Opened 13 months ago
Closed 12 months ago
#529 closed enhancement (fixed)
add alert severity to real-time event log monitoring
| Reported by: | mikep | Owned by: | mickem |
|---|---|---|---|
| Priority: | 1 | Milestone: | 0.4.1 |
| Component: | CheckEventlog | Version: | 0.4.0 |
| Severity: | Feature Requests | Keywords: | |
| Cc: |
Description
Hello. I believe it would be very valuable to add the ability to specify what alert level will be sent when a real-time event log filter matches.
This would allow greater control over the state returned to Nagios and will allow for resolved problems to return an OK status immediately.
I'm thinking that maybe you can add a parameter like AlertSeverity? that could be specified in the config section of each filter.

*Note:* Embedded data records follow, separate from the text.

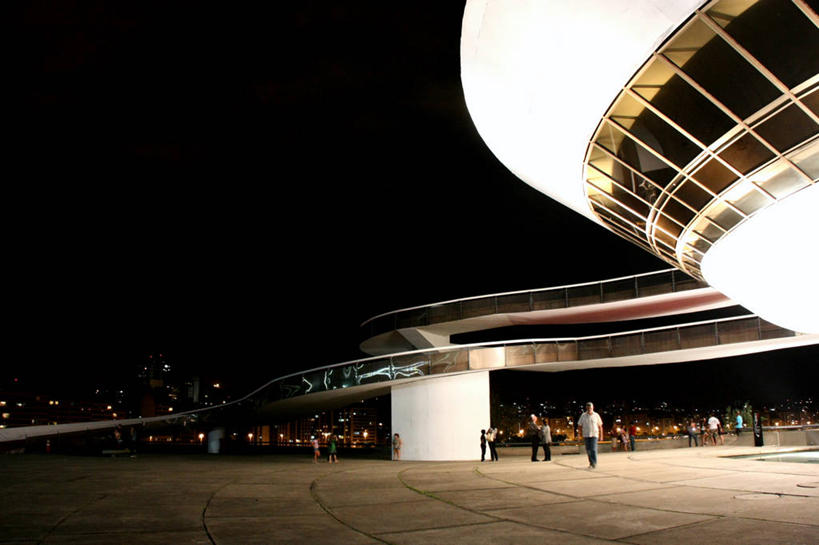 博物馆,横图,室外,夜晚,度假,美景,城市风光,城市,建筑,巴西,景观,历史,娱乐,现代,天空,地标建筑,享受,休闲,景色,南美,放松,摄影,照亮,南美洲,拉丁美洲,美术馆,美洲,里约热内卢,里约热内卢州,巴西联邦共和国,亚美利加洲,南亚美利加洲,尼泰罗伊,彩图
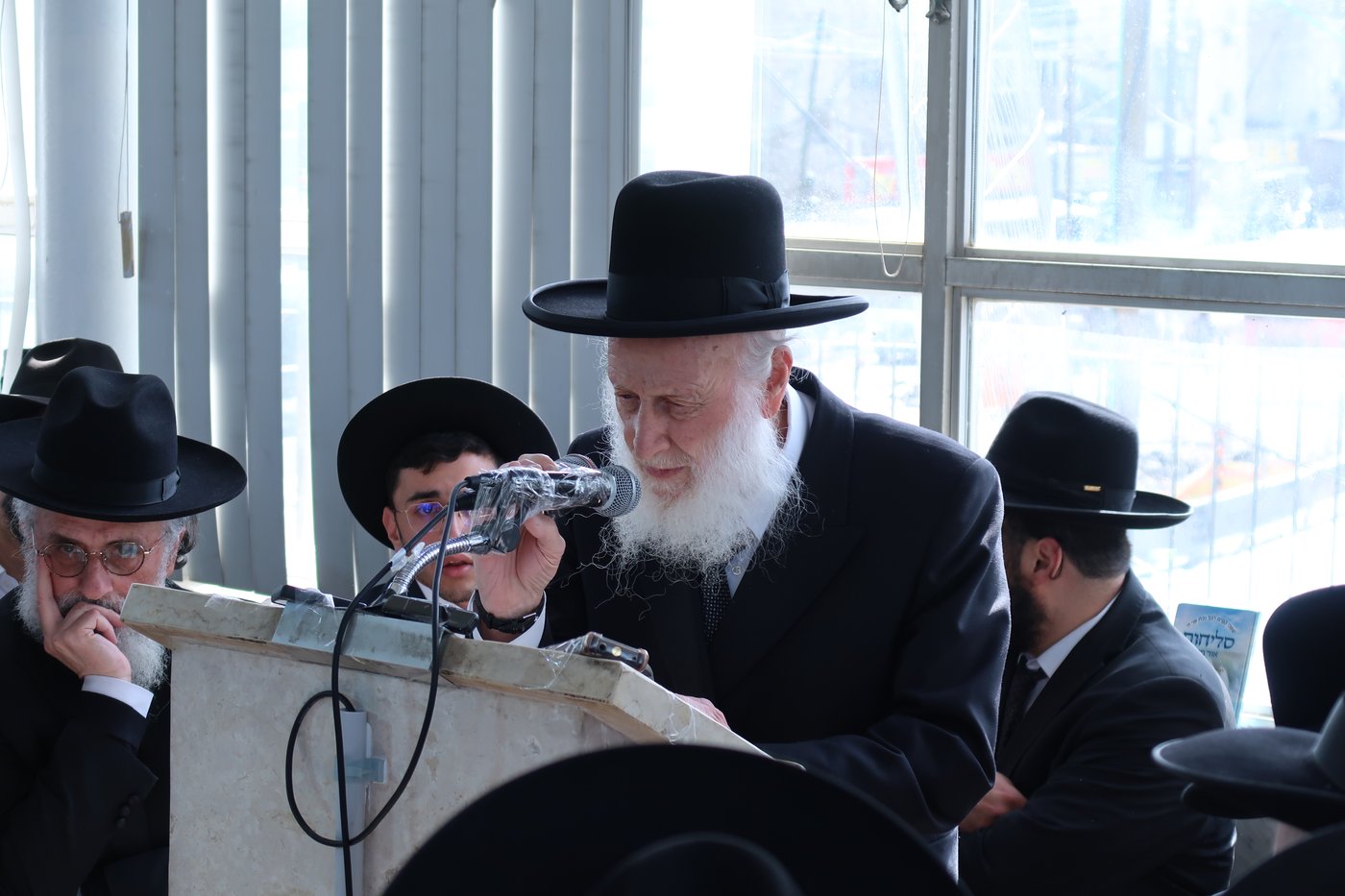 הלווית הגאון רבי משה טופיק זצ"ל 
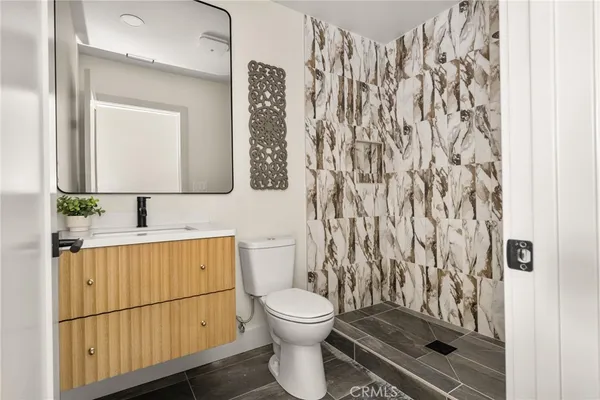$1,349,000 | 3635 Conquista Avenue, Long Beach, CA 90808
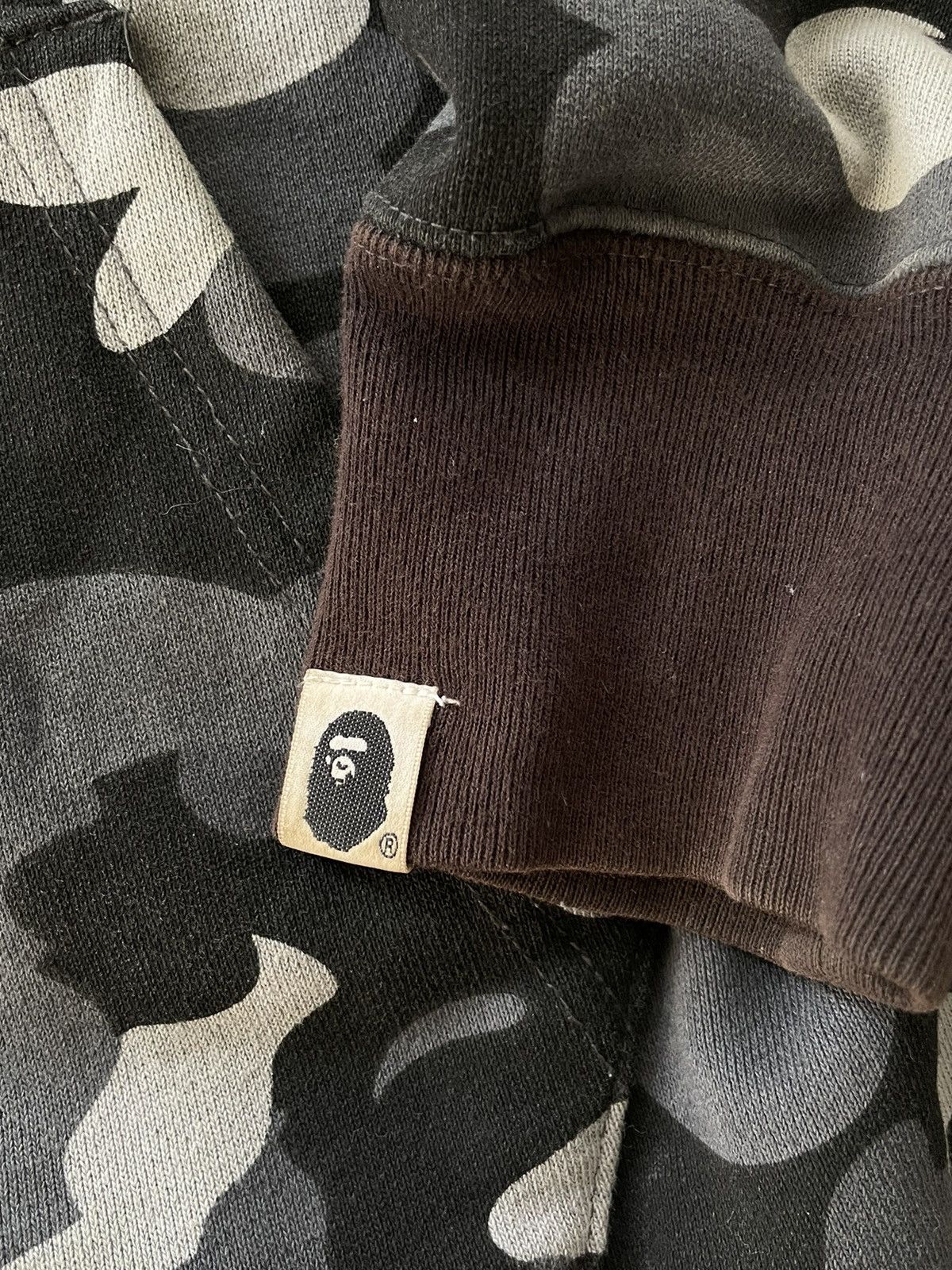 Bape × Undefeated Bape x Undefeated split hoodie Size US L / EU 52-54 / 3 - 4 Thumbnail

Maybe something like the following?
[/settings/eventlog/real-time/filters] Test App1=AlertSeverity = 0 id = 1000 AND source = 'Test App1' Test App1=AlertSeverity = 1 id = 1100 AND source = 'Test App1' Test App1=AlertSeverity = 2 id = 1200 AND source = 'Test App1'
I'm not sure if that is the best example of how it could work, but I think it shows that I want to attach different severities to different filters for the same service.
Thanks!
Change History (13)
comment:1 Changed 13 months ago by mickem
comment:2 Changed 13 months ago by mikep
Yes, I'm not clear on the best way to have the configuration settings work. But I stand by the great value of the capability.
With a normal polling monitor, like CPU usage, we can define warning and critical values. When it is run on its interval, you always get back an ok, warn, or crit. This enables it to reset its state, if the value changes before the next poll interval.
With real-time monitoring, I want to have a similar capability in real-time.
For example, I have an application that connects to a DB.
If that connection takes longer than 5 seconds, I write a specific event message to the event log with an id of 1100. The app is working, but the delay could impact the user experience.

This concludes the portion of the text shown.